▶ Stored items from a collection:

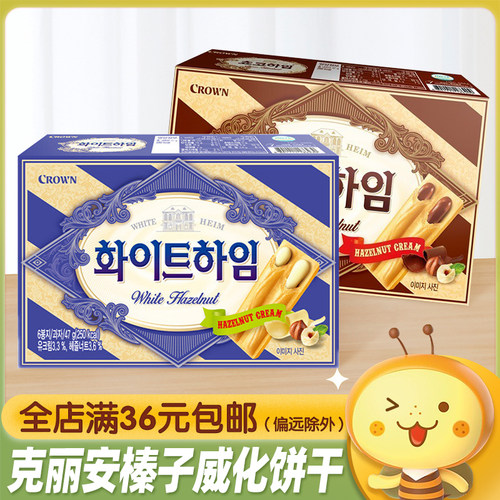 韩国进口克丽安奶油47g儿童网红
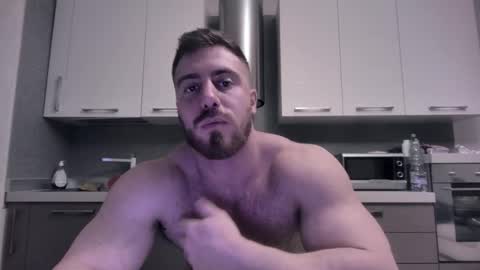 Snapshot of toro_arrapato chatting on December 19, 6:56 pm toro_arrapato online show from December 19, 6:56 pm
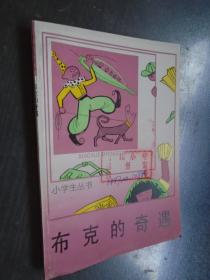 小学生丛书  布克的奇遇 馆藏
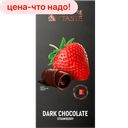 Шоколад Premiere of Taste темный с клубникой 80г
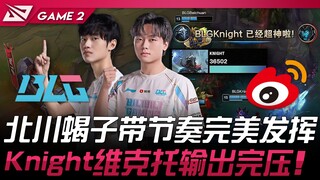 BLG vs WBG, Kita-kawa Scorpion memimpin ritme dengan performa sempurna! Output Knight Viktor sangat 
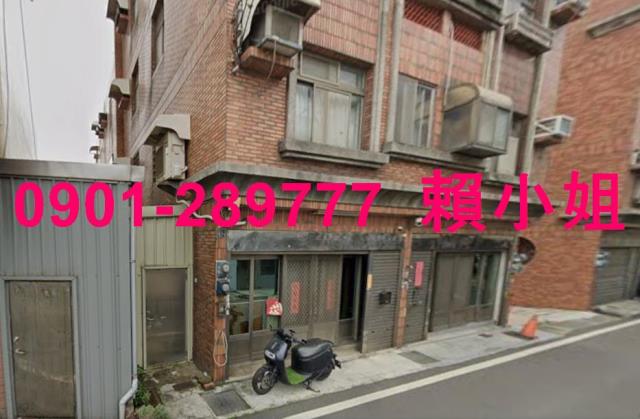 竹北透天法拍-3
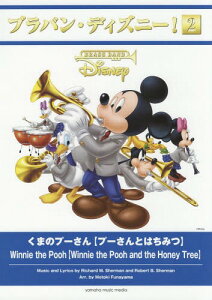 y ܂̃v[yv[Ƃ݂͂[{/G] (uoEfBYj[!) / R.M.V[}R.B.V[}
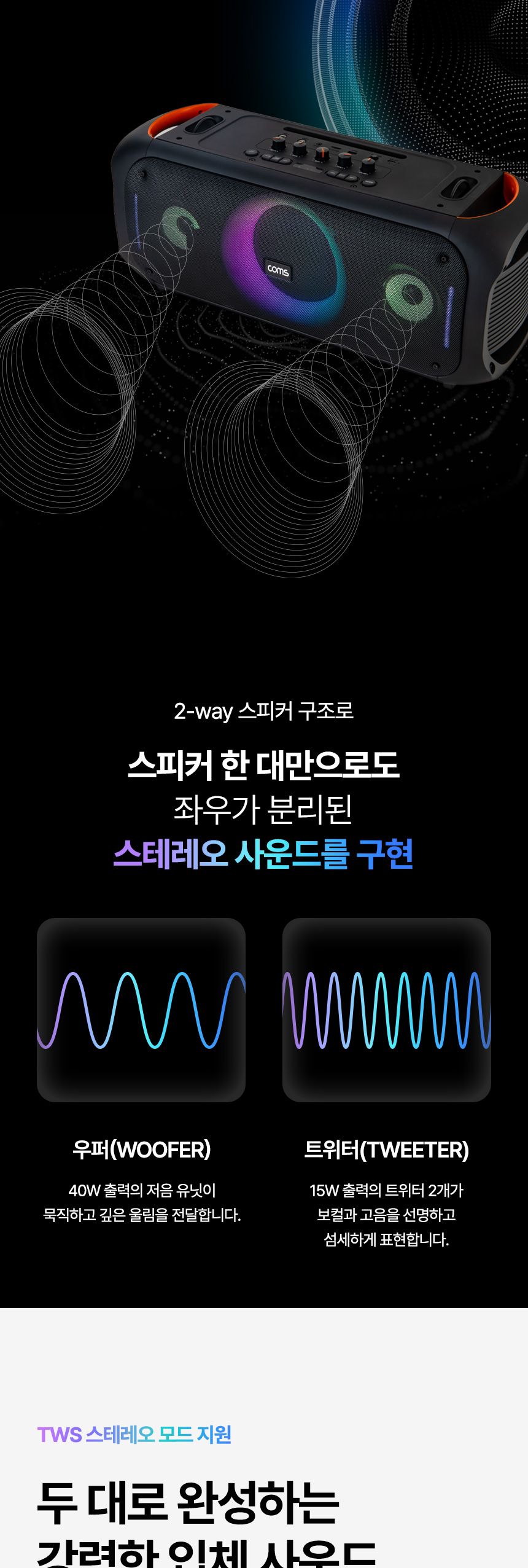 무선 실내외 겸용 파티 캠핑 고음질 블루투스 스피커/파티스피커/파티요품/블루투스스피커/무선스피커/고음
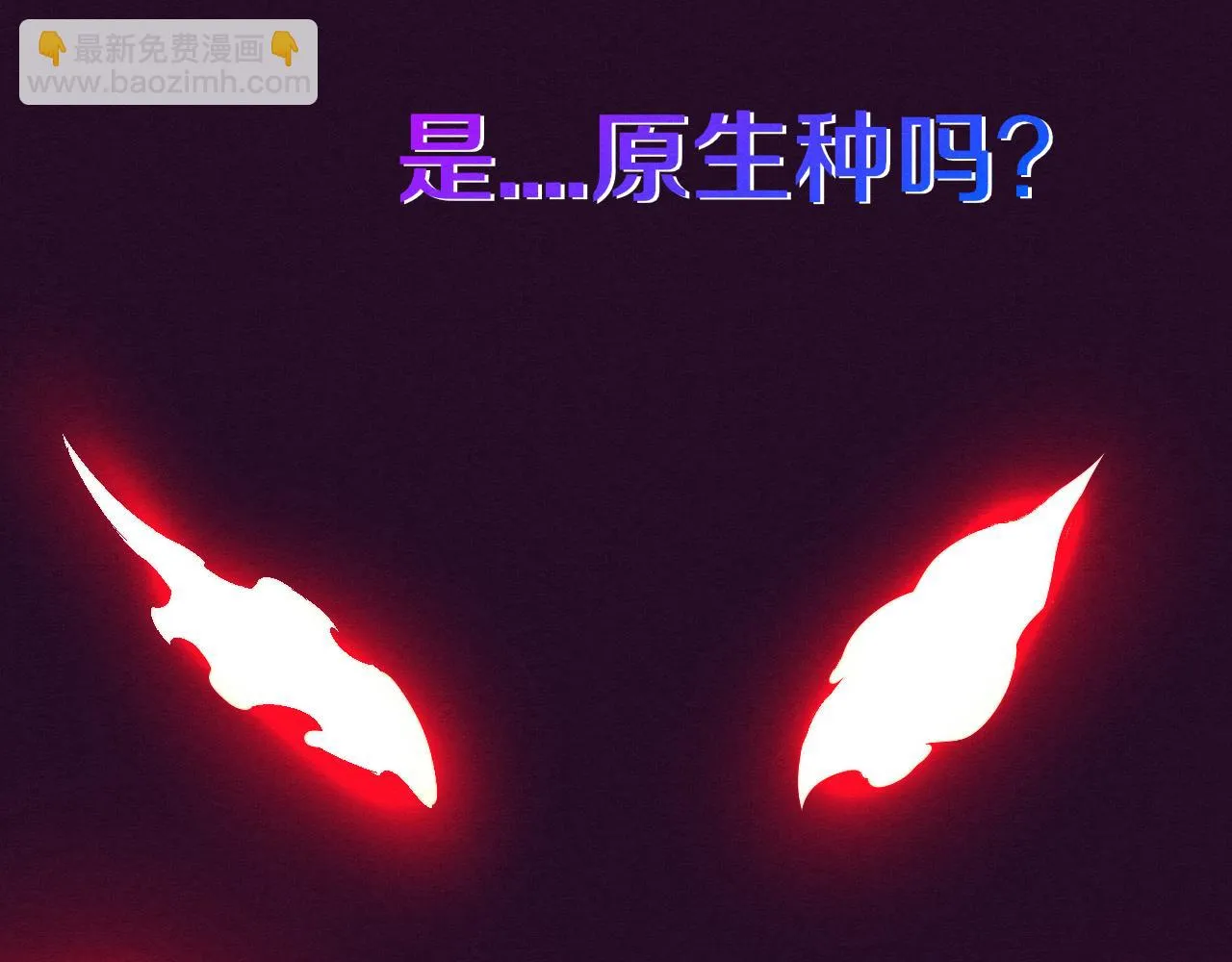 第96话 新的强敌出现！ 第139页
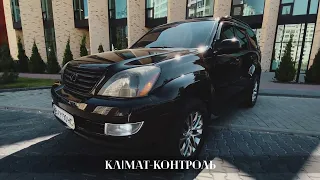 Відео огляд Lexus GX 470 (2007)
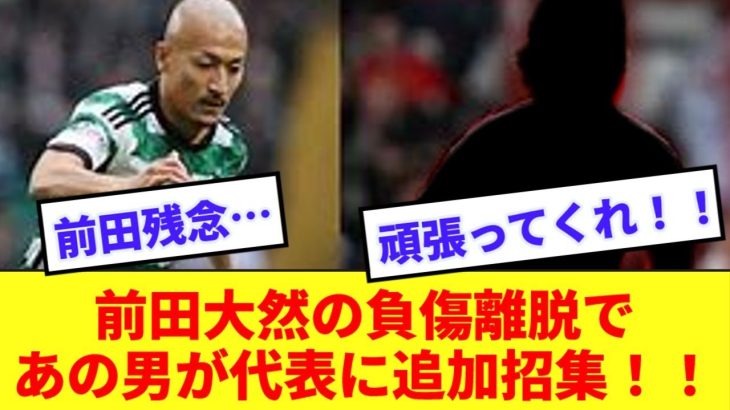 【日本代表】前田大然が怪我で代表を離脱！！！代わりに現在好調のあの男が追加招集！！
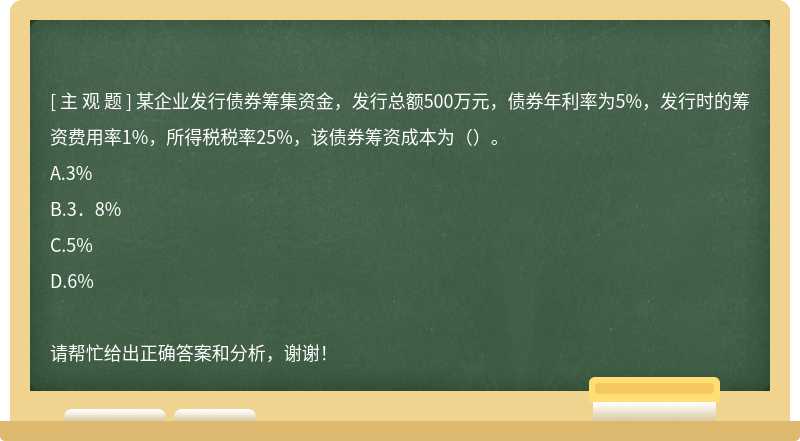 某企业发行债券筹集资金，发行总额500万元，债券年利率为5%，发行时的筹资费用率1%，所得税税率25%，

▶ ACTION ITEM: Above are the records; repeat them all exactly, without the pictures.

▶ RESPONSE:
 韩国进口克丽安奶油47g儿童网红
 Snapshot of toro_arrapato chatting on December 19, 6:56 pm toro_arrapato online show from December 19, 6:56 pm
 小学生丛书  布克的奇遇 馆藏
 Шоколад Premiere of Taste темный с клубникой 80г
 BLG vs WBG, Kita-kawa Scorpion memimpin ritme dengan performa sempurna! Output Knight Viktor sangat 
 竹北透天法拍-3
 y ܂̃v[yv[Ƃ݂͂[{/G] (uoEfBYj[!) / R.M.V[}R.B.V[}
 무선 실내외 겸용 파티 캠핑 고음질 블루투스 스피커/파티스피커/파티요품/블루투스스피커/무선스피커/고음
 第96话 新的强敌出现！ 第139页
 Відео огляд Lexus GX 470 (2007)
 【日本代表】前田大然が怪我で代表を離脱！！！代わりに現在好調のあの男が追加招集！！
 某企业发行债券筹集资金，发行总额500万元，债券年利率为5%，发行时的筹资费用率1%，所得税税率25%，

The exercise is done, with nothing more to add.